Step 6: Deploy Model (Inference Only)
In production, we load the saved model and use it for predictions:
# Load saved model
model = SimpleModel()
model.load_state_dict(load_model('model_v1.pth'))
model.eval() # Evaluation mode: no training
# Production inference
def predict(input_number):
"""
Make prediction on new data.
Model is frozen - no learning happens here.
"""
input_tensor = Tensor([input_number])
with no_grad(): # No gradients needed (no training)
prediction = model.forward(input_tensor)
# Convert to readable output
if prediction.data[0] > prediction.data[1]:
return "even"
else:
return "odd"
# Use the deployed model
print(predict(8)) # "even"
print(predict(9)) # "odd"
print(predict(10)) # "even"
Key points:
- Model weights are frozen (static)
- Only forward pass (no backward, no gradients)
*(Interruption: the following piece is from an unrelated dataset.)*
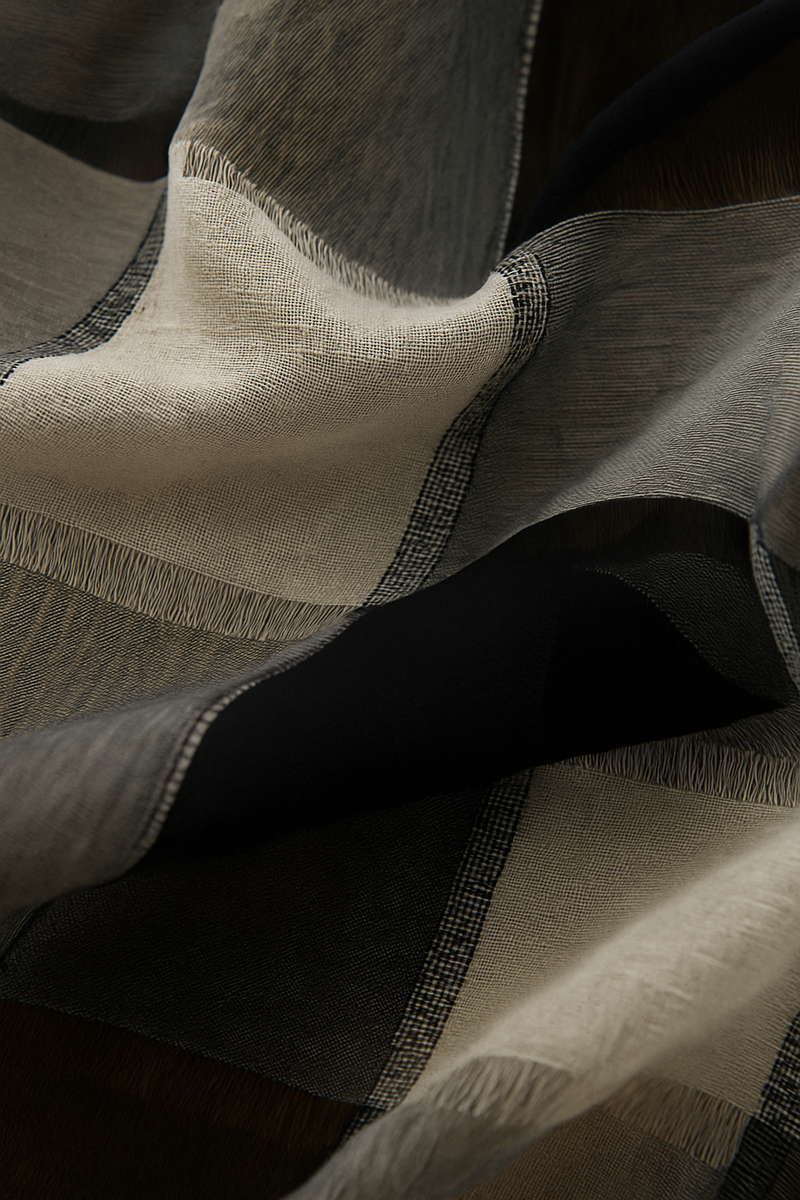 rideau transparent beige motif carreaux retro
- Fast inference, no training overhead
- Same input → same output (deterministic)
The Complete Picture
Training Phase (Dynamic)
Data → Model → Prediction → Loss
↓
Backward (Autograd)
↓
Gradients
↓
Optimizer Updates Weights
↓
Repeat (model improves)
Deployment Phase (Static)
New Input → Model (frozen weights) → Prediction
(no learning, no gradients)
Real-World Analogy
Training:
- Like a student learning: makes mistakes, gets feedback (loss), adjusts (optimizer), improves over time
Deployment:
- Like a graduated student taking an exam: uses learned knowledge (frozen weights), no learning during the exam, just applying what was learned
Summary: How Everything Connects
- Data provides examples with correct answers
- Layers define the model structure
- Forward pass makes predictions using current weights
- Loss measures how wrong predictions are
- Backpropagation (Autograd) computes gradients automatically
- Optimizer updates weights to reduce loss
- Training loop repeats until model is accurate
- Save model freezes the learned weights
- Deploy uses frozen model for inference only
The framework (TinyTorch/PyTorch) handles steps 5-6 automatically, so you focus on steps 1-3 (data, architecture, training loop). That’s the power of ML frameworks - they abstract the complex math so you can build systems.